Exercise brief:
Every record below should be printed again exactly, with its pictures removed.

Data for this task START

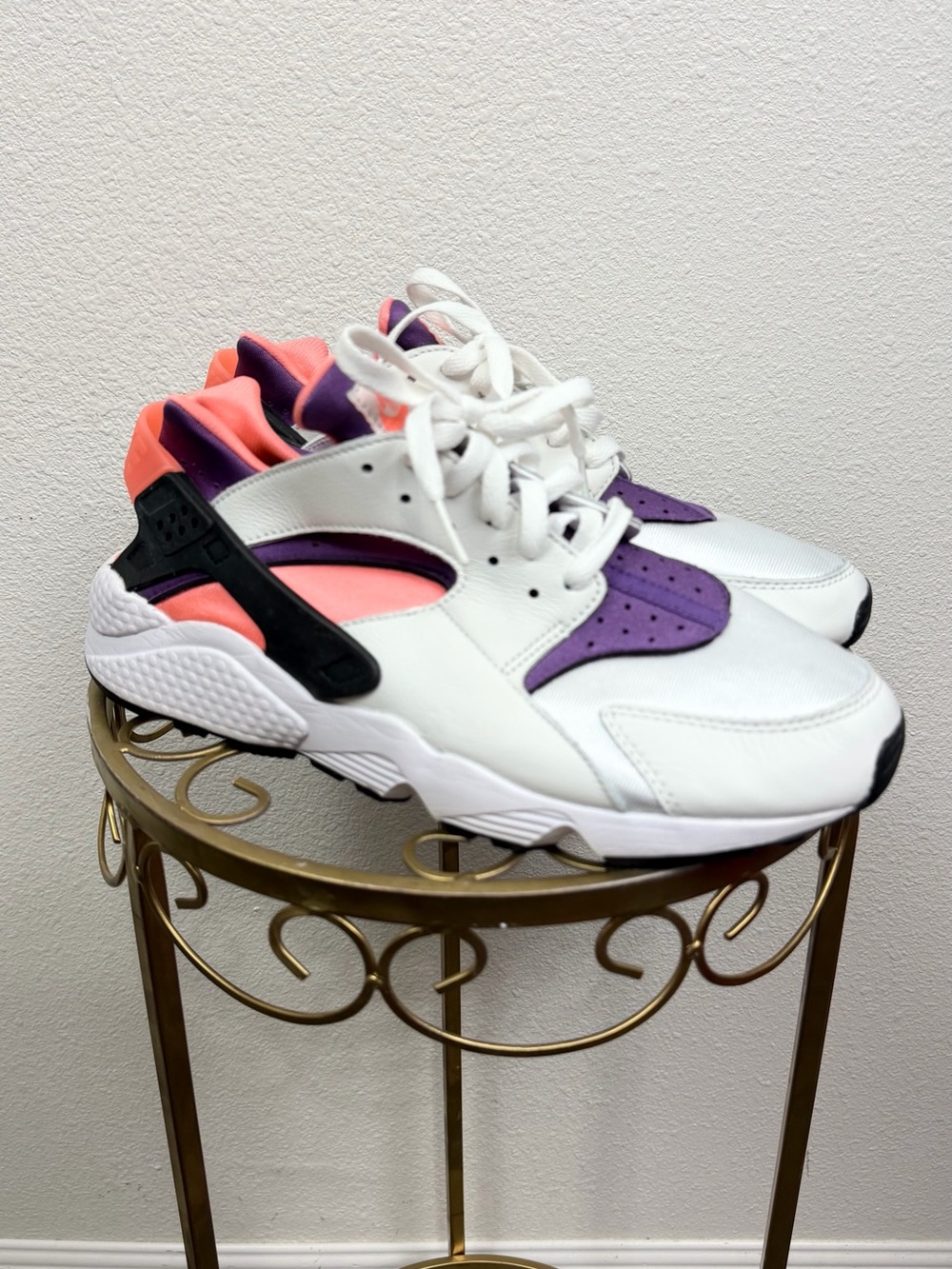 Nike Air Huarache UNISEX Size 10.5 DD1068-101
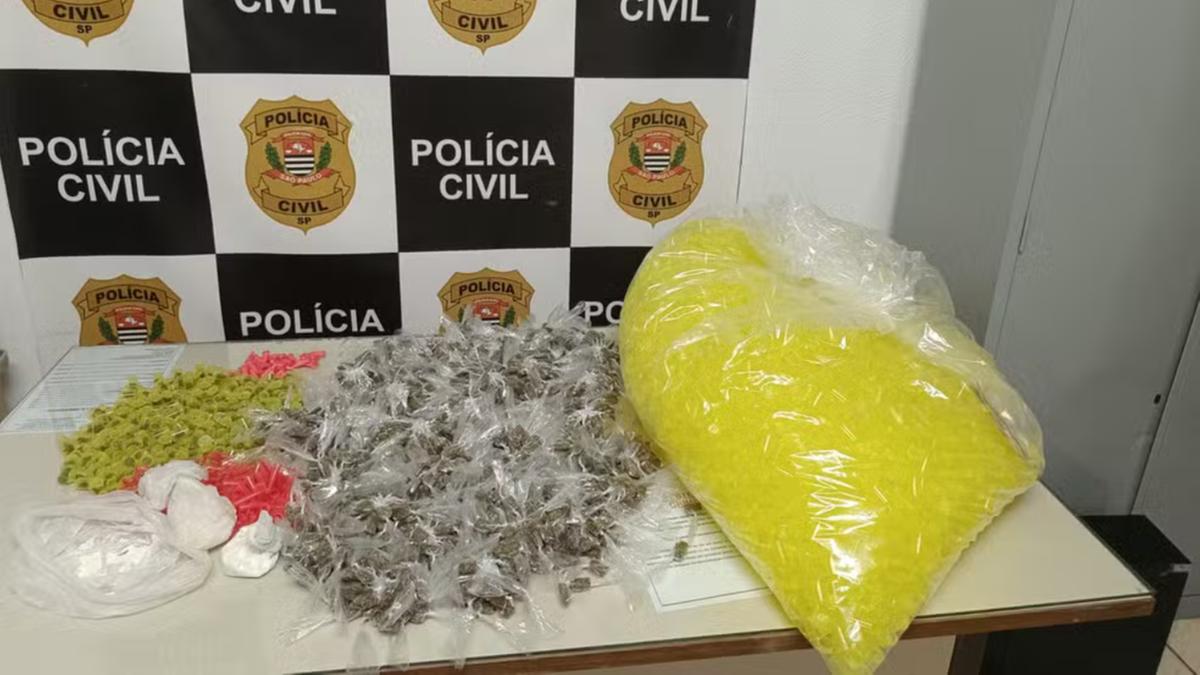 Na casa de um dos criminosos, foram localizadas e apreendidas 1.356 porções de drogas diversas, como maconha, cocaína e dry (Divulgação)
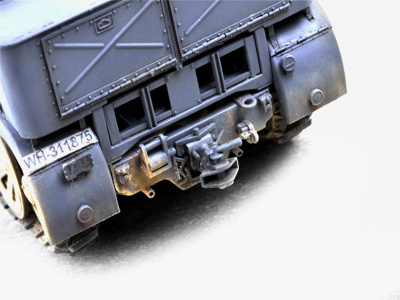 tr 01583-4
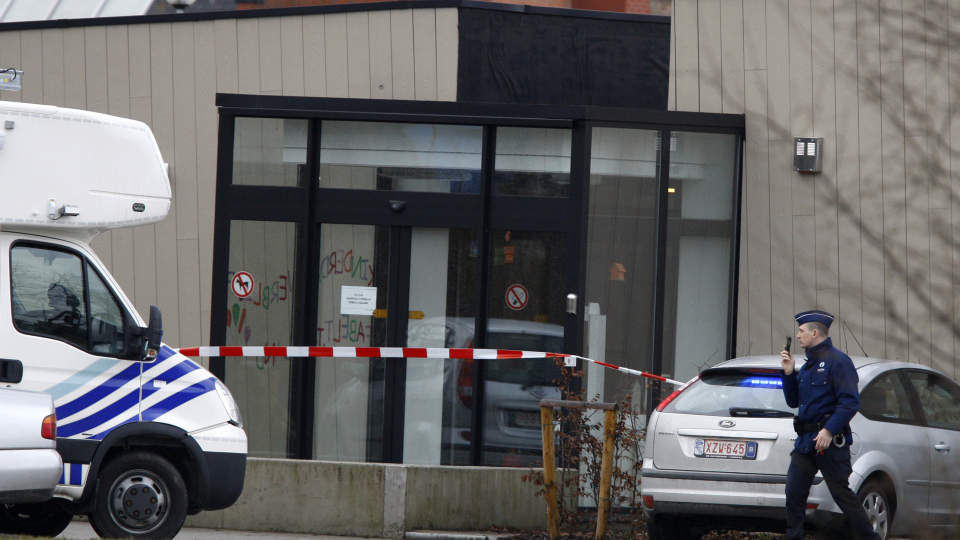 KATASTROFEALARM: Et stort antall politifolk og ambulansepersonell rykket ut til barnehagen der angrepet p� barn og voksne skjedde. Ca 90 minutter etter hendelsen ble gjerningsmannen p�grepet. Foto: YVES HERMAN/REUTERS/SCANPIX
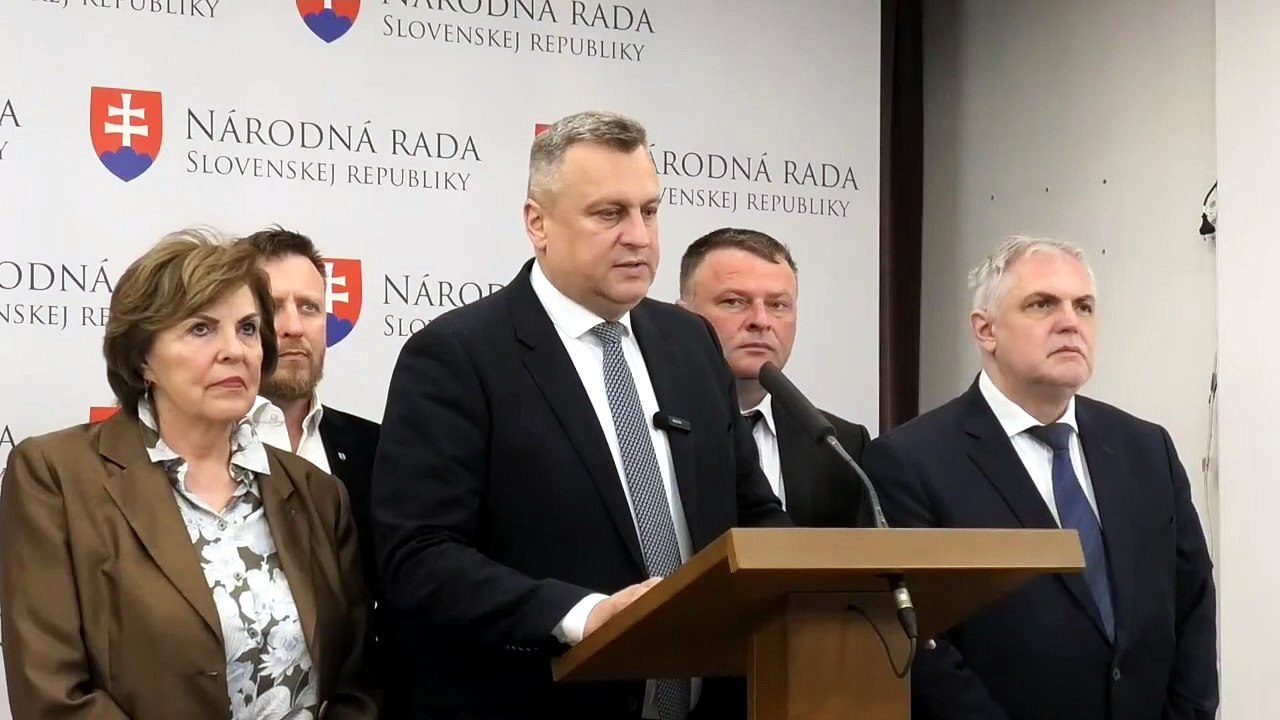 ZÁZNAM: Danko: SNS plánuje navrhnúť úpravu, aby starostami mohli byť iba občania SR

Data for this task END

Answer to this problem:
 Nike Air Huarache UNISEX Size 10.5 DD1068-101
 Na casa de um dos criminosos, foram localizadas e apreendidas 1.356 porções de drogas diversas, como maconha, cocaína e dry (Divulgação)
 tr 01583-4
 KATASTROFEALARM: Et stort antall politifolk og ambulansepersonell rykket ut til barnehagen der angrepet p� barn og voksne skjedde. Ca 90 minutter etter hendelsen ble gjerningsmannen p�grepet. Foto: YVES HERMAN/REUTERS/SCANPIX
 ZÁZNAM: Danko: SNS plánuje navrhnúť úpravu, aby starostami mohli byť iba občania SR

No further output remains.